[Saved data entries]

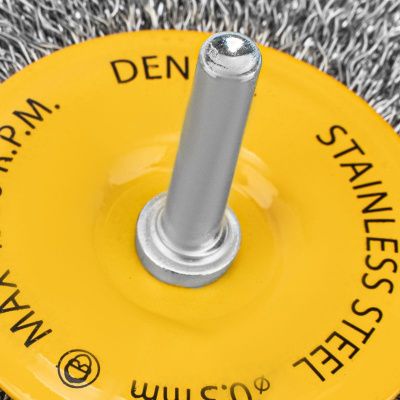 Щетка для дрели 100 мм, Плоская, со шпилькой, нержавеющая витая проволока Denzel-Tehinstrument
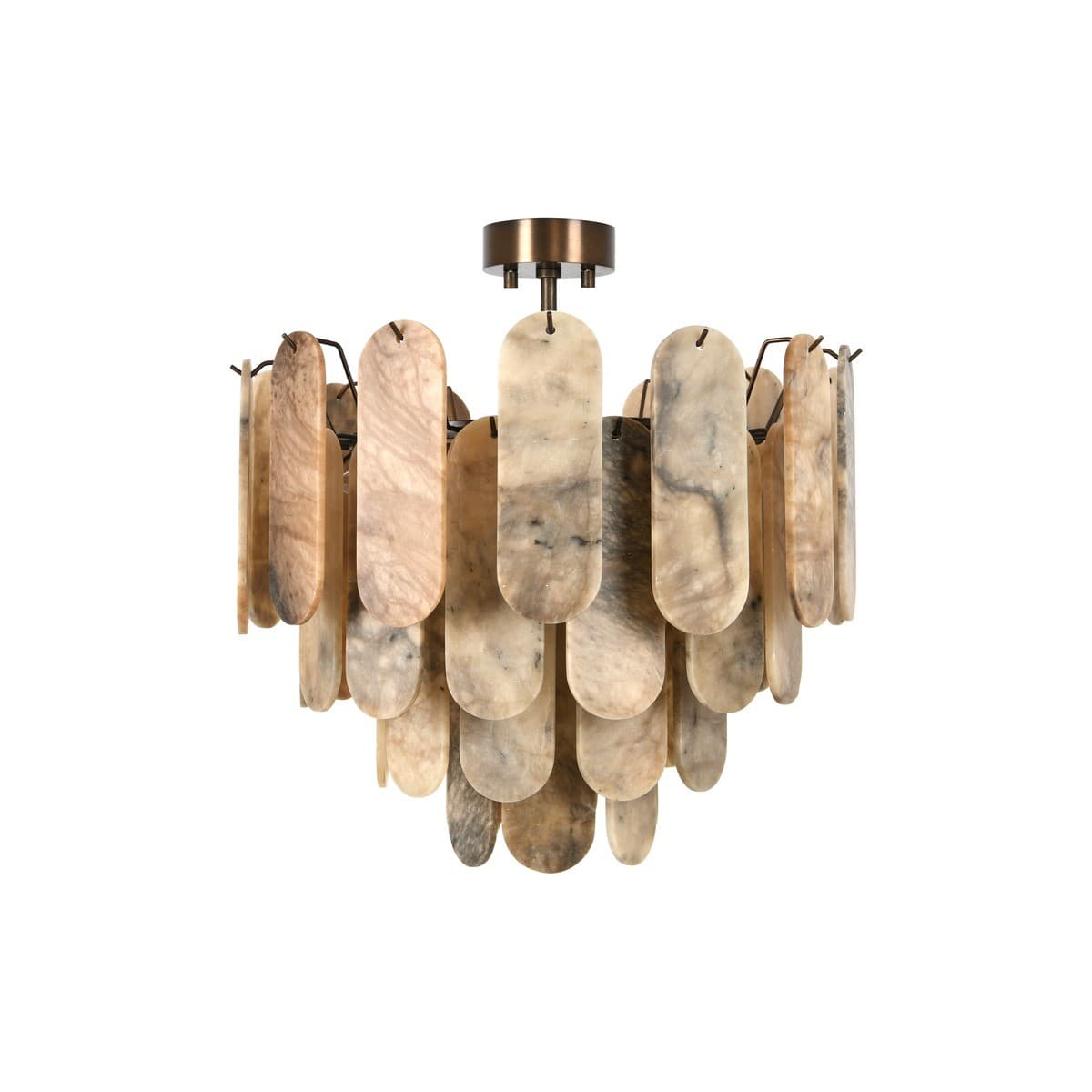 Made by Mayfair Vinci 12 Light Chandelier Pendant or Close-To-Ceiling Fitting in Bronze with Hazel Alabaster-img-3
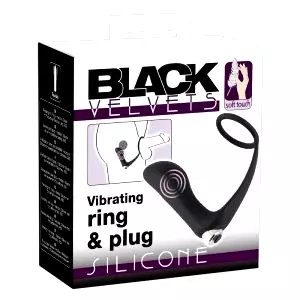 Čierny Zamät - análny vibrátor s krúžkom na penis (čierny)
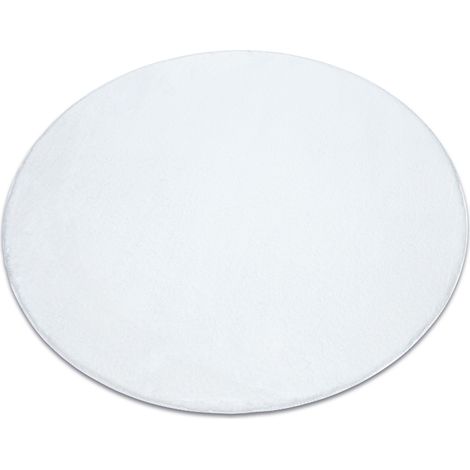 Tapis cercle POSH Shaggy ivoire très épais, en peluche, antidérapant, lavable blue cercle 60 cm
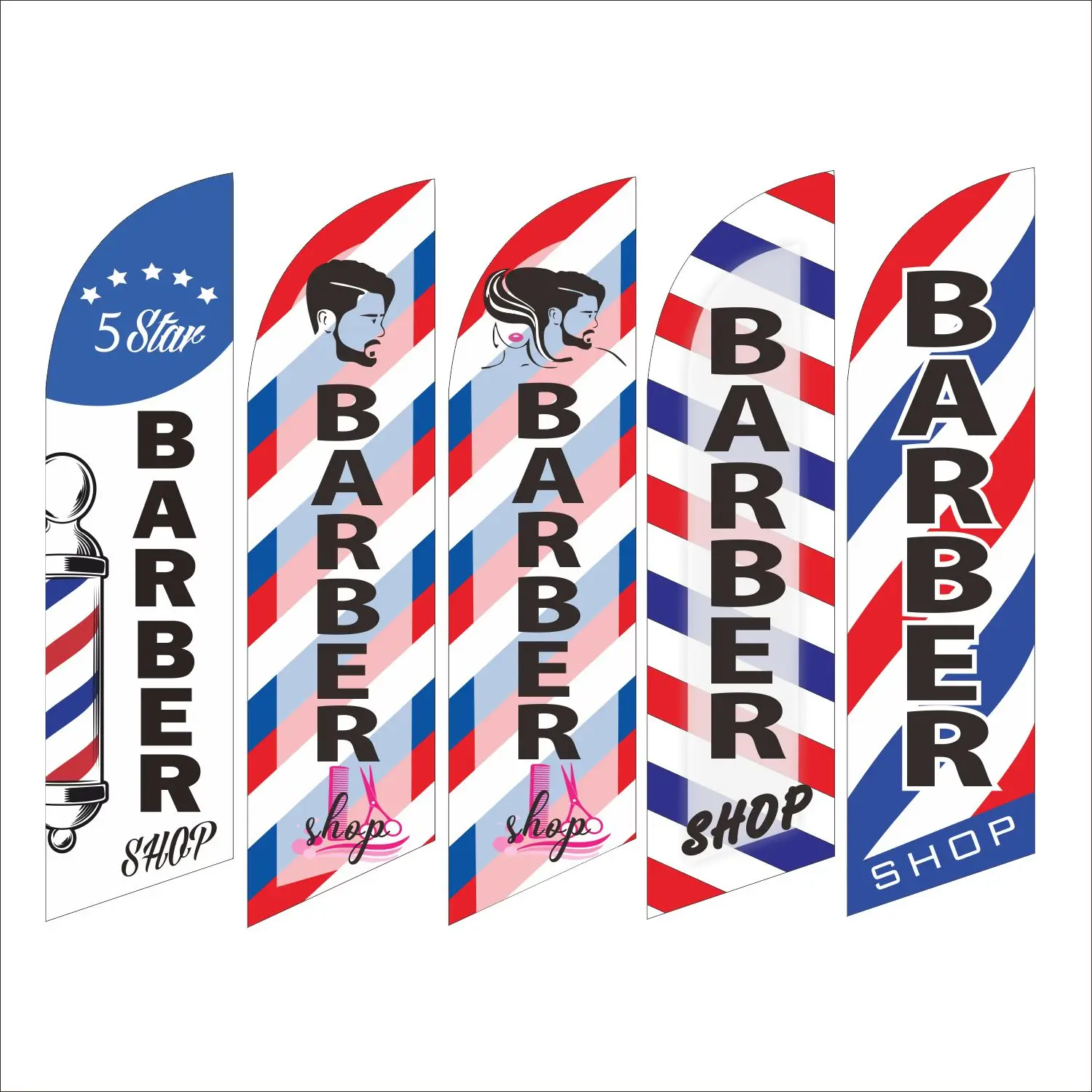 Barber Shop Feather Flag Hair Beauty Face Beach Banner Salon Health Spa Nail Massage Haircut Fitness, Stampa Personalizzata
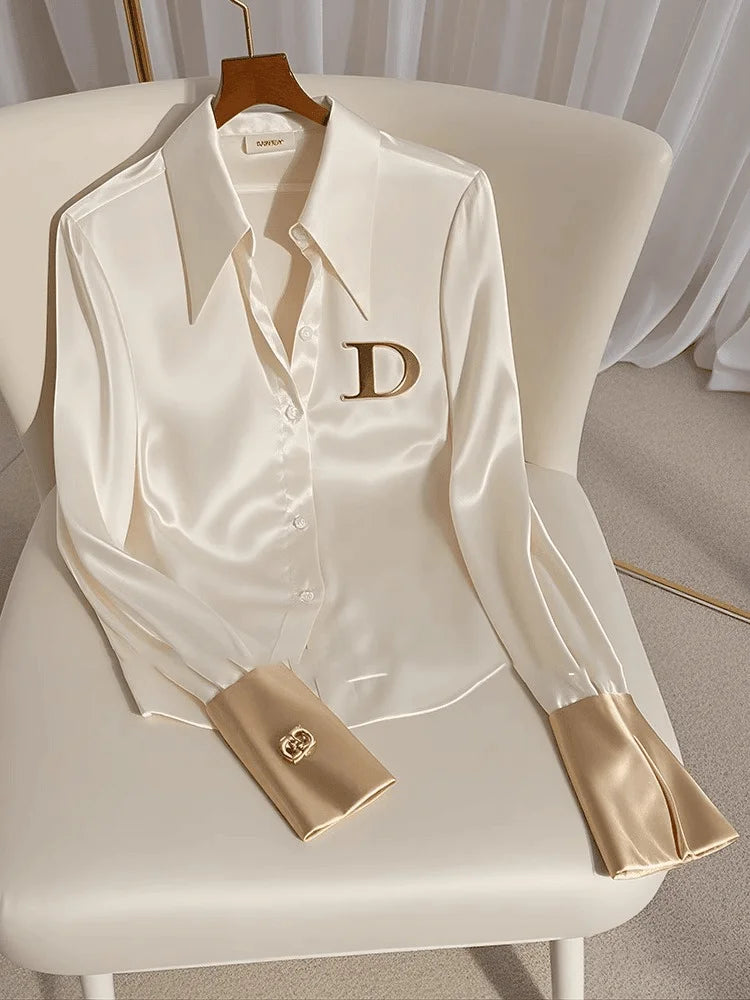 French White Satin Shirt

◆ **EXERCISE PROMPT**
Write the entries out again exactly as they appear, with the pictures omitted.

◆ **COMPLETED EXERCISE**
 Щетка для дрели 100 мм, Плоская, со шпилькой, нержавеющая витая проволока Denzel-Tehinstrument
 Made by Mayfair Vinci 12 Light Chandelier Pendant or Close-To-Ceiling Fitting in Bronze with Hazel Alabaster-img-3
 Čierny Zamät - análny vibrátor s krúžkom na penis (čierny)
 Tapis cercle POSH Shaggy ivoire très épais, en peluche, antidérapant, lavable blue cercle 60 cm
 Barber Shop Feather Flag Hair Beauty Face Beach Banner Salon Health Spa Nail Massage Haircut Fitness, Stampa Personalizzata
 French White Satin Shirt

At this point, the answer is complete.